▶ _TASK TO CARRY OUT_:
All of the data should be copied exactly, with the pictures left out.

▶ _EXTRACTED ENTRIES_:

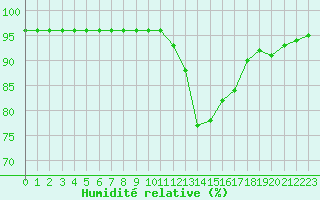 Courbe de l'humidit relative pour Mende - Chabrits (48)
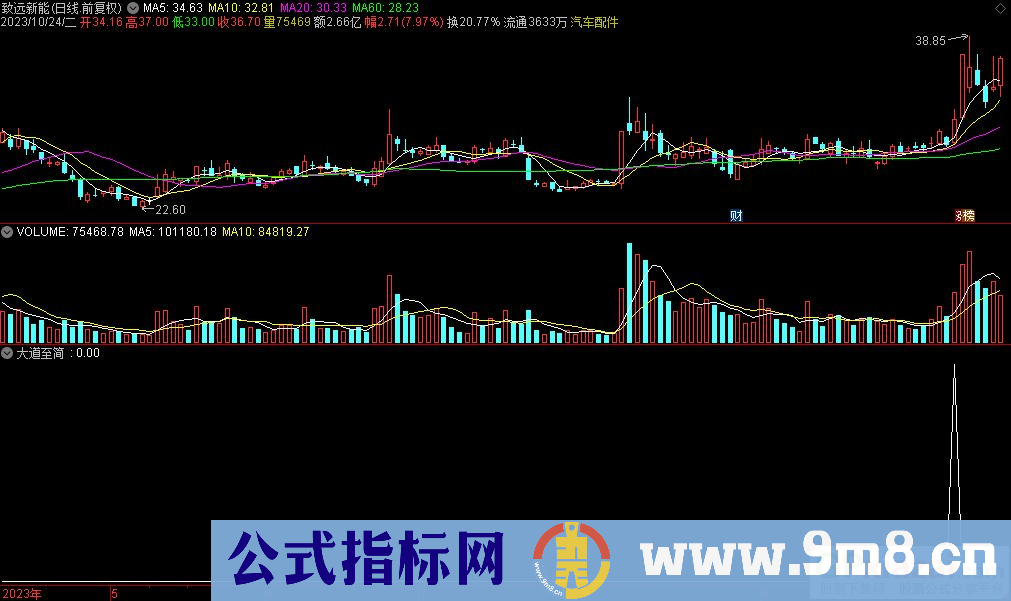 通达信大道至简选股指标 源码 贴图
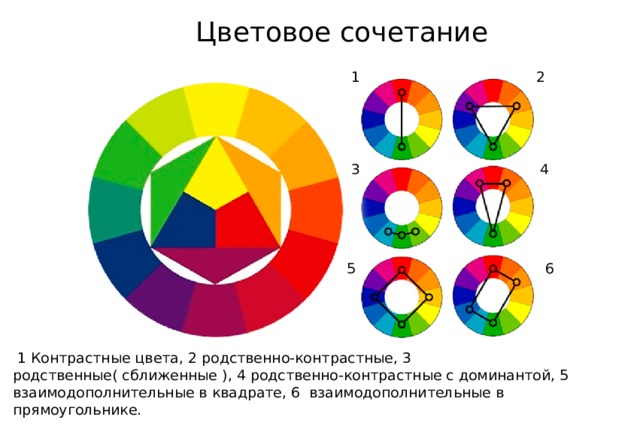 Цветовое сочетание  1  2  3  4 5  6  1 Контрастные цвета, 2 родственно-контрастные, 3 родственные( сближенные ), 4 родственно-контрастные с доминантой, 5 взаимодополнительные в квадрате, 6 взаимодополнительные в прямоугольнике. 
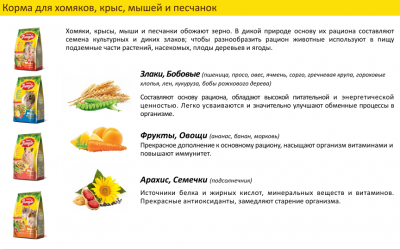 Happy Jungle J117 Корм для хомяков 400г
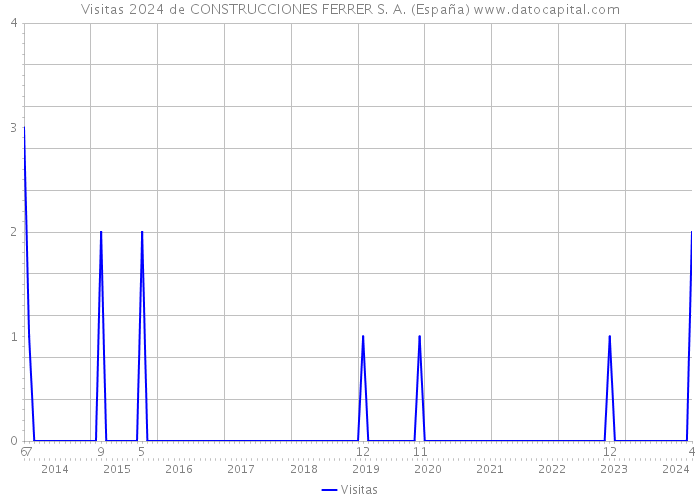 Visitas 2024 de CONSTRUCCIONES FERRER S. A. (España) 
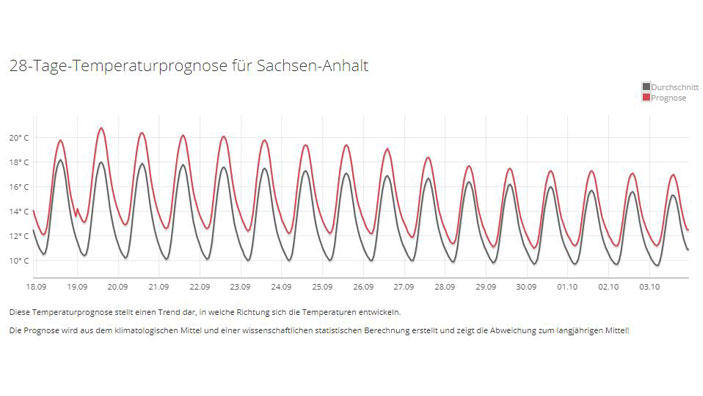 30 Tage Wetter Vom 04092018 Der September Sieht Noch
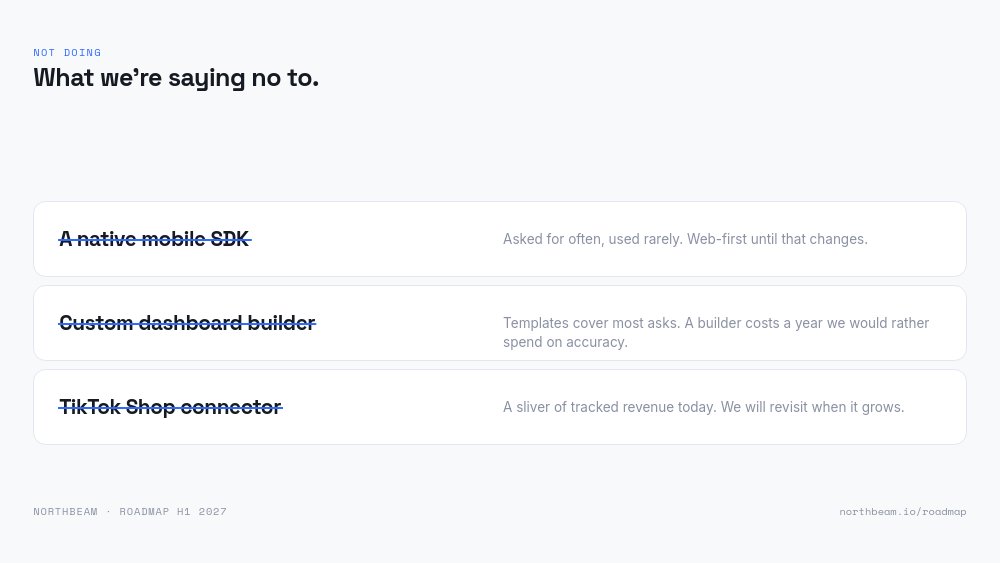 Product Roadmap - Now / Next / Later Template - pane 7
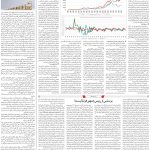صفحه03-23تیر 1403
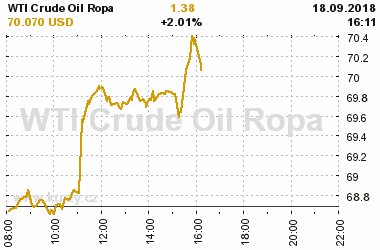 Online graf vvoje ceny komodity WTI Crude Oil Ropa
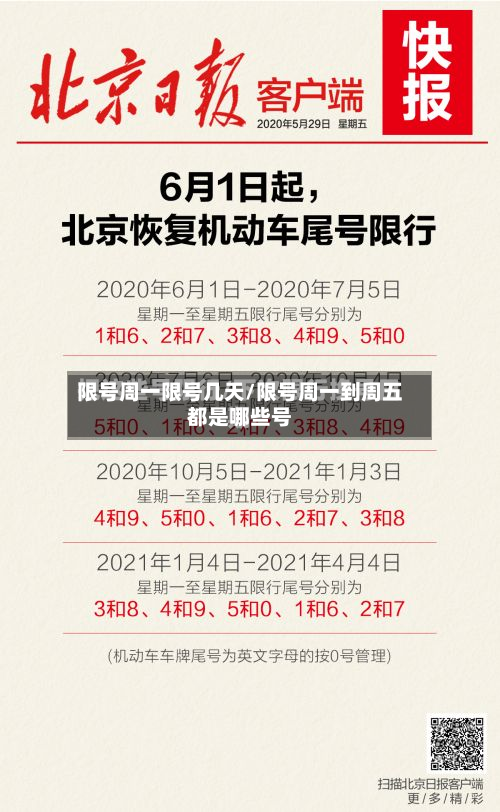 限号周一限号几天/限号周一到周五都是哪些号-第2张图片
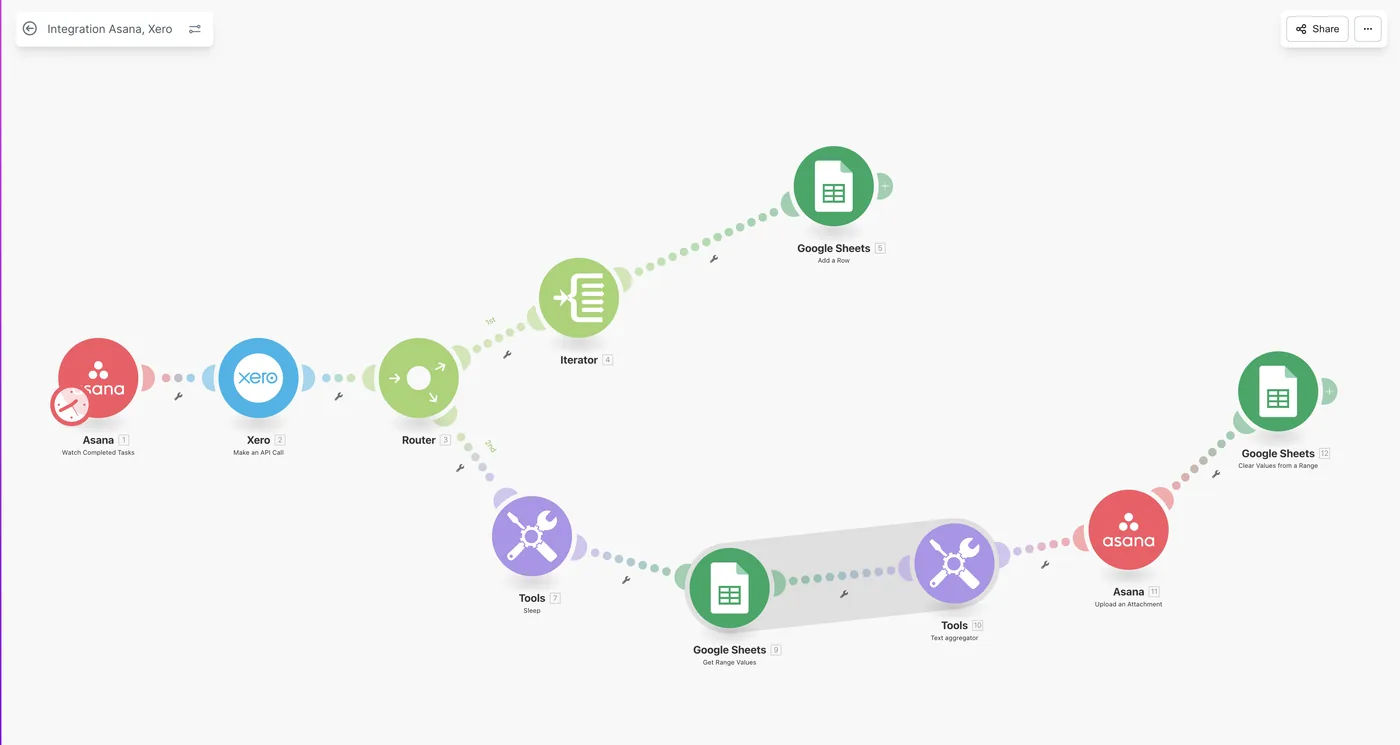 Make scenario running a bi-directional sync between Asana tasks and Xero records with attachment uploads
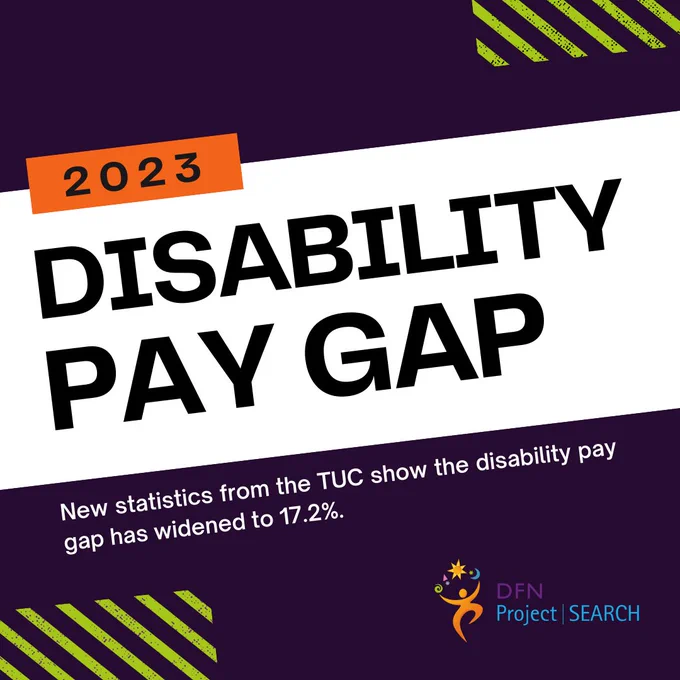 This is a graphic that says Disability Pay Gap in all capitals against a dark purple backdrop. 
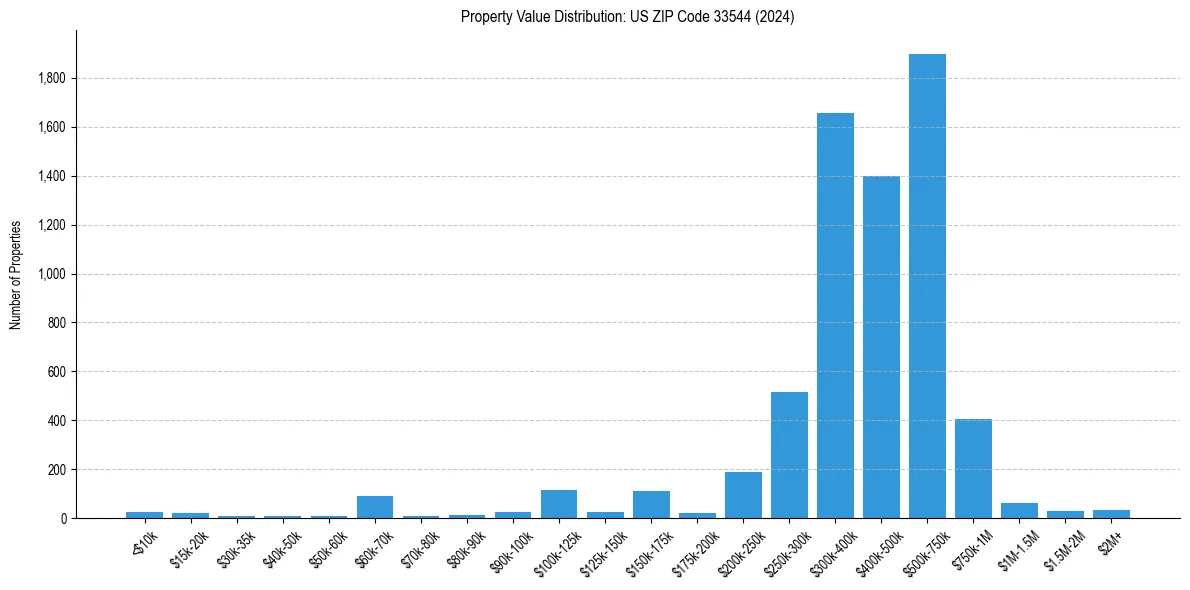 Value Distribution for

▶ _ANSWER FOR THE TASK_:
 Courbe de l'humidit relative pour Mende - Chabrits (48)
 通达信大道至简选股指标 源码 贴图
 Цветовое сочетание  1  2  3  4 5  6  1 Контрастные цвета, 2 родственно-контрастные, 3 родственные( сближенные ), 4 родственно-контрастные с доминантой, 5 взаимодополнительные в квадрате, 6 взаимодополнительные в прямоугольнике. 
 Happy Jungle J117 Корм для хомяков 400г
 Visitas 2024 de CONSTRUCCIONES FERRER S. A. (España) 
 30 Tage Wetter Vom 04092018 Der September Sieht Noch
 Product Roadmap - Now / Next / Later Template - pane 7
صفحه03-23تیر 1403
 Online graf vvoje ceny komodity WTI Crude Oil Ropa
 限号周一限号几天/限号周一到周五都是哪些号-第2张图片
 Make scenario running a bi-directional sync between Asana tasks and Xero records with attachment uploads
 This is a graphic that says Disability Pay Gap in all capitals against a dark purple backdrop. 
 Value Distribution for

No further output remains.